As I have discussed before, patent trolls pose a unique threat to technology startup companies.  The limited resources and small launch windows that constrain life as a startup company make them vulnerable to patent trolls.  Trolls leverage the sheer cost of fighting a patent challenge — even if the odds of winning are high — against the precarious situation of most startups and seek settlements.  Unlike established companies who can afford to take a long-term view and usually fight trolls at all costs to deter future troll lawsuits (aka “we do not negotiate with terrorists”), small startups do not have this luxury.  As Brad Burnham of the prominent VC firm Union Square Ventures has written, trolls seek to hit startup companies at the most vulnerable times, either right after they receive a major cash infusion — like Etsy and Hipmunk – or right after that startup announces that it is being acquired:

“By pouncing after the merger is announced, but before it closes, [patent trolls] hope to extort a quick cash settlement.”

There is a unique and discrete market failure at work here.  Since the majority of patent trolls lose when the case goes to court, companies should — and the big companies usually do — fight the baseless charges.  However, since startups are uniquely vulnerable — and bear the high costs of litigation even if they win — there is little incentive for them to fight these bogus suits and parasitic market actors (which, I may add, would have significant positive externalities as these trolls target many companies).  As a result, they often end up settling.  This is an unfortunate example of game theory where individual incentives don’t align with the public good.  Paulgb (who appears to be web developer Paul Butler) in a forum at Ycombinator summed up the situation nicely:

The patent trolls know that the rational (in the game-theory sense of the word) decision for the victim company is to settle, because the cost of taking it to court (in both legal fees and lost time) exceed the cost of the settlement.

It’s like an asymmetric game of chicken.  Both players know that the troll has the advantage of having less to lose in a “collision” (a lawsuit), so the troll can count on the victim to “swerve” (settle).
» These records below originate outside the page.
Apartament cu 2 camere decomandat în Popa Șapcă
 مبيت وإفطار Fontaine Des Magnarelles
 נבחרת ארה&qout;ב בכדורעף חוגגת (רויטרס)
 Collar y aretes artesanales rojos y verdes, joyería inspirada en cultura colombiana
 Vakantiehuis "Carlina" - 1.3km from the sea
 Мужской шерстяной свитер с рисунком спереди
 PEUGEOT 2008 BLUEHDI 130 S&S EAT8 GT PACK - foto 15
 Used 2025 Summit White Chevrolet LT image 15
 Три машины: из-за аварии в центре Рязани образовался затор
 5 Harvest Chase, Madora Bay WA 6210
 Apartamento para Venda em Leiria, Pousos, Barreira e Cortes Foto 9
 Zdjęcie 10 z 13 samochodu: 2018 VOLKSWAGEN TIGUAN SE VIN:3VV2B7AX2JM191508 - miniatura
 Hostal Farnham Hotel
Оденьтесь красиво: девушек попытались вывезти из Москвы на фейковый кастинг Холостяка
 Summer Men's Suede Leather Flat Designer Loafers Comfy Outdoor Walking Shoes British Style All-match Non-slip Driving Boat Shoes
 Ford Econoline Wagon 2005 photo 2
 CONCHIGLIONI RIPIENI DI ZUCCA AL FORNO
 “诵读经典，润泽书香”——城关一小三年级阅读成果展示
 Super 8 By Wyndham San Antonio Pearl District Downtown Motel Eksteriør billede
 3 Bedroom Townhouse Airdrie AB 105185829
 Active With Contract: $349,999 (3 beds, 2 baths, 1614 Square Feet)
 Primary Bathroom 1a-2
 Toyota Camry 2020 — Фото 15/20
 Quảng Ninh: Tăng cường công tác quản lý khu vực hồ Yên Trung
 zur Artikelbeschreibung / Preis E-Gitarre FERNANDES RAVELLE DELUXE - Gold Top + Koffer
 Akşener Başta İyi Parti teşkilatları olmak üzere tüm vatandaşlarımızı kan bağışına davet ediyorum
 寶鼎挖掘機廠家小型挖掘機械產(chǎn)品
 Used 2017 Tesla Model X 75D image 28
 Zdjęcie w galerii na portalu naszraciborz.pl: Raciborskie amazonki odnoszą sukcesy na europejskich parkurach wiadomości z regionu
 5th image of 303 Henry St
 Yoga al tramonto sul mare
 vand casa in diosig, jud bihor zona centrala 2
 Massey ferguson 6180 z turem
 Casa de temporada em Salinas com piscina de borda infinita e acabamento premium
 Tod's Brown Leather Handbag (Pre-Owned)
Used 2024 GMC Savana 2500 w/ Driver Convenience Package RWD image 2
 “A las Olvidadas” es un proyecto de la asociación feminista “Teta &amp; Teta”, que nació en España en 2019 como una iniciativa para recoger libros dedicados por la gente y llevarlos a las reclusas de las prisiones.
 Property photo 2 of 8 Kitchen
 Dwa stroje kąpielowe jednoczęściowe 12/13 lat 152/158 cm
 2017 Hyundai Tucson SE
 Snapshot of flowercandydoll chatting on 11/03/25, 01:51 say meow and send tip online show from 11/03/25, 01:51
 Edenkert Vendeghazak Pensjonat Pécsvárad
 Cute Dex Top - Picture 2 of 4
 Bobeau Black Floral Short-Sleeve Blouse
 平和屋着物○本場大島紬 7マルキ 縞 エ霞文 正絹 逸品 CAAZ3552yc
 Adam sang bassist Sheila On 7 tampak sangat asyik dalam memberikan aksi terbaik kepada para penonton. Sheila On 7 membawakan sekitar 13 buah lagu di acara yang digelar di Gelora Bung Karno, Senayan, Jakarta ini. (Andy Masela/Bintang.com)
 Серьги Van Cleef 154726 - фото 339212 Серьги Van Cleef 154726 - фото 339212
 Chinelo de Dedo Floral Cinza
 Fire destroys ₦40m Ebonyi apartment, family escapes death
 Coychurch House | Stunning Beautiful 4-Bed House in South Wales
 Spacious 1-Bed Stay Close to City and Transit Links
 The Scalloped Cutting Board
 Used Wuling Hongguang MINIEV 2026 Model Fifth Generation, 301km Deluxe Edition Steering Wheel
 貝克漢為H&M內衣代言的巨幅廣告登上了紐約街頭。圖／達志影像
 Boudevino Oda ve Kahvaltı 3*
If the victim was able to eliminate the cost of a collision, and the troll knew that the cost of a collision to the victim company was eliminated, it would make more sense for the troll to swerve (drop the claim).

Since the America Invents Act (the “AIA”) recently passed Congress after an excruciating multiyear journey — and in the end failed to address most of the systemic problems that plague the current patent system — there is little short-term hope or Congressional appetite for another major patent reform fight.  However, until the political capital refills, there are smaller, more discrete fixes that eliminate some of the worst abuses of the current patent system.